Nothing but the pictures should be dropped; repeat the rest of the data below exactly.

Recorded data:
------------------------------------------------

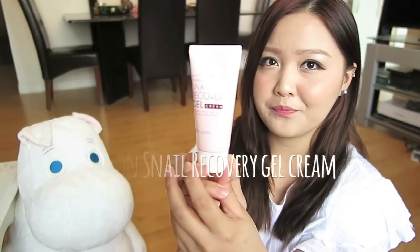So this first item I want to show you is this Miseon Snail Recovery Gel Cream — it's this cute little pink bottle. I got it on eBay for like $6. It says here lightweight snail gel cream containing 74% of snail filtrate, which is pretty much a friendlier way of saying snail slime. Snail slime is known for helping with reducing pigmentation and scarring. It is a gel consistency, and it doesn't have a scent at all. It spreads out and there's no stickiness once it dries.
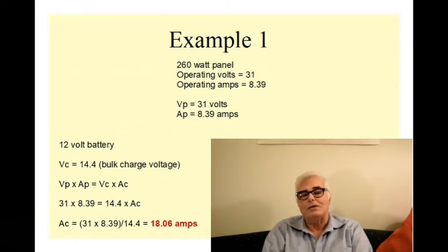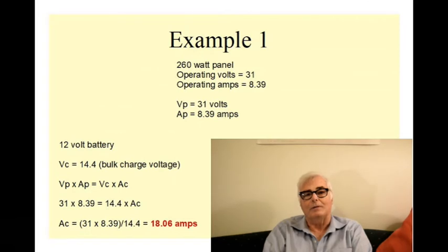So if I have a 260 watt panel connected up to my charge controller and to my battery, although the panel is only putting out a little over 8 amps, the charging amperage is 18 amps. MPPT charge controllers are rated in terms of their charging amperage, so in order to run this panel you would need a 20 amp controller, even though the panel is only rated for approximately 8.4 amps.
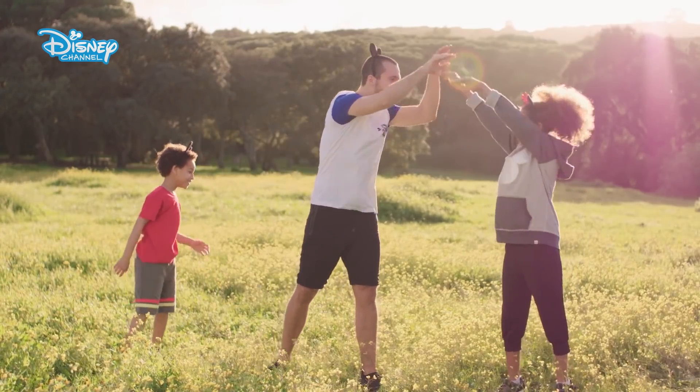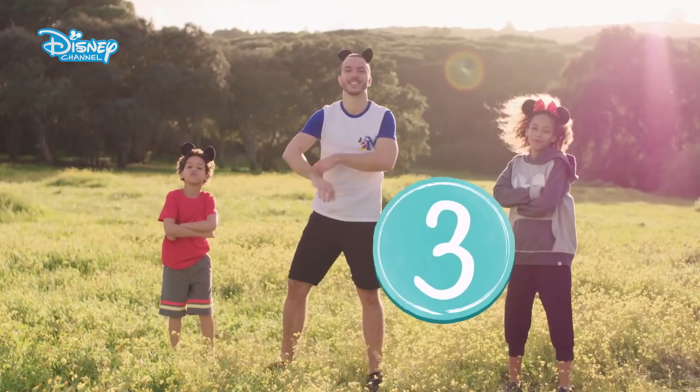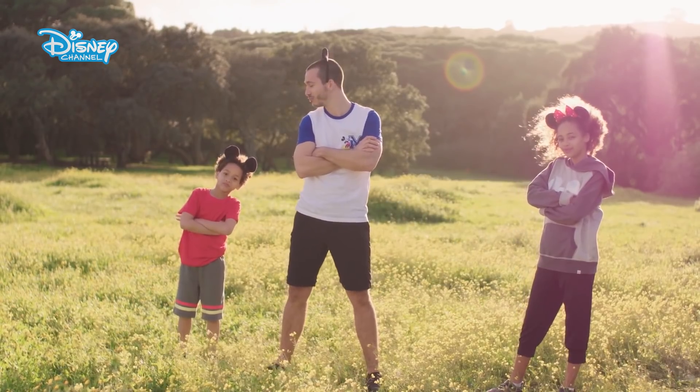Getting active with Disney is as easy as one, two, three. Let's warm up with Mickey and friends.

------------------------------------------------

Result below:
So this first item I want to show you is this Miseon Snail Recovery Gel Cream — it's this cute little pink bottle. I got it on eBay for like $6. It says here lightweight snail gel cream containing 74% of snail filtrate, which is pretty much a friendlier way of saying snail slime. Snail slime is known for helping with reducing pigmentation and scarring. It is a gel consistency, and it doesn't have a scent at all. It spreads out and there's no stickiness once it dries.
So if I have a 260 watt panel connected up to my charge controller and to my battery, although the panel is only putting out a little over 8 amps, the charging amperage is 18 amps. MPPT charge controllers are rated in terms of their charging amperage, so in order to run this panel you would need a 20 amp controller, even though the panel is only rated for approximately 8.4 amps.
Getting active with Disney is as easy as one, two, three. Let's warm up with Mickey and friends.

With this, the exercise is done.